Según el mapa de propagación, las zonas cercanas a Madrid estaban prácticamente infectadas en su totalidad, y permanecían a salvo la mayoría de las áreas costeras. Se habían cancelado todos los vuelos y viajes con origen o destino Madrid, medida que se ampliaba progresivamente a la totalidad del país, intentando evitar que la epidemia se extendiera, pero se empezaban a localizar casos aislados en países en los que vuelos internacionales de larga duración con origen en Madrid habían comenzado a aterrizar. La palabra cuarentena era un eco continuo en la mayoría de las conversaciones. Por fin iban a ser capaces fuera de Europa de ubicar Madrid en un mapa. Me daban ganas de preparar merchandising de «Spanish Pandemia». Sin acritud: podría situar el Tíbet en Checoslovaquia.
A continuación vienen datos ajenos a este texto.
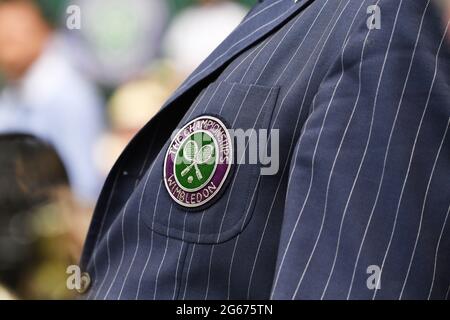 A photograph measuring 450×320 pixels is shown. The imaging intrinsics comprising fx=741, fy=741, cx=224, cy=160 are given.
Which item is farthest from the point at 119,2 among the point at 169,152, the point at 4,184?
the point at 169,152

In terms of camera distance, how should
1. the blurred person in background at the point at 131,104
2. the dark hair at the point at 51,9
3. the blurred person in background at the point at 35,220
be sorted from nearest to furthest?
1. the blurred person in background at the point at 35,220
2. the blurred person in background at the point at 131,104
3. the dark hair at the point at 51,9

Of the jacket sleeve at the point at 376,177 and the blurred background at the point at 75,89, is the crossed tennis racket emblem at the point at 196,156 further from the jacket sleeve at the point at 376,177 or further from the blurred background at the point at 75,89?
the blurred background at the point at 75,89

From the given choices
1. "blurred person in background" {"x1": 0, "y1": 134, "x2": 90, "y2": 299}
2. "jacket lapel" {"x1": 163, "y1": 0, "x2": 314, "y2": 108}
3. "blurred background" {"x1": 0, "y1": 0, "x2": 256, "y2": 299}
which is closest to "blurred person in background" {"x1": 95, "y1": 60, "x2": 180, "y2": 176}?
"blurred background" {"x1": 0, "y1": 0, "x2": 256, "y2": 299}

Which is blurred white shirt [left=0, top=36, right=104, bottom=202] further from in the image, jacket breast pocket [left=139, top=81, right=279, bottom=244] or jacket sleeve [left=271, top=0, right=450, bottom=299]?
jacket sleeve [left=271, top=0, right=450, bottom=299]

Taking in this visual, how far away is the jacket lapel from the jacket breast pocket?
0.04 meters

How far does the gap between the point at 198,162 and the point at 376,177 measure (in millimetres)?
161

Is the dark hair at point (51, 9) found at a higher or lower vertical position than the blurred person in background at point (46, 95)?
higher

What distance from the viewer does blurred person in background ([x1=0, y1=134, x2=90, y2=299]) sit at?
3.72ft

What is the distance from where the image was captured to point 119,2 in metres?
1.53

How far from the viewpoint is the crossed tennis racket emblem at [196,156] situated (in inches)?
24.5

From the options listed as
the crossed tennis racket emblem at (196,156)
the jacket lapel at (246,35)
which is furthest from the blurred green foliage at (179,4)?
the crossed tennis racket emblem at (196,156)

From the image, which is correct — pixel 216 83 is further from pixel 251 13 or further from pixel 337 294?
pixel 337 294

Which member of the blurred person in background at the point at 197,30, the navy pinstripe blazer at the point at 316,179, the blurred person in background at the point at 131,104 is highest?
the blurred person in background at the point at 197,30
Las teorías sobre el origen, propagación y destrucción eran un max-mix entre virus químicos de laboratorio encargados por el Gobierno, monos, murciélagos y mosquitos propagadores y vertientes psicodélicas que apelaban al castigo divino, o incluso a la presencia ovni. Que vamos a ver, como teorías no solo no eran el summum de la innovación, percíbase el sarcasmo, sino que, además, ¿qué tenían que ver con un país como España?

Básicamente, a mí la causa me la sudaba ligeramente, quidicir, sería genial saber qué había pasado realmente, pero a mí tal cantidad de divagaciones me ponía nerviosa, los rumores y las historietas podían tapar información que de verdad fuera importante, así que yo solo quería que vinieran a buscarme y me llevaran a un lugar seguro. Lo de la causa podía descubrirlo después, mientras me tomaba algo con mis amigas en una terracita y compartíamos batallitas del asedio zombie.

Afortunadamente los organismos oficiales no lo estaban haciendo mal. La estrategia del Gobierno era la básica en situación de emergencia: proteger las eléctricas, presas y hospitales y agrupar a la población en distintos puntos de la ciudad, para garantizar nuestra seguridad y los recursos mínimos. No sé lo que discutirían a puerta cerrada, pero de cara a la galería todo parecía necesario y razonable.

La lista de edificios o complejos era enorme e incluía lugares por toda la Comunidad y de todos los tipos: torre Europa, las Cuatro Torres, el Archivo Regional de la Comunidad de Madrid, el Marriot Auditorium, La Gavia, el Bernabéu y el Wanda, entre muchos otros, tantos como para albergar los casi siete millones de habitantes de Madrid.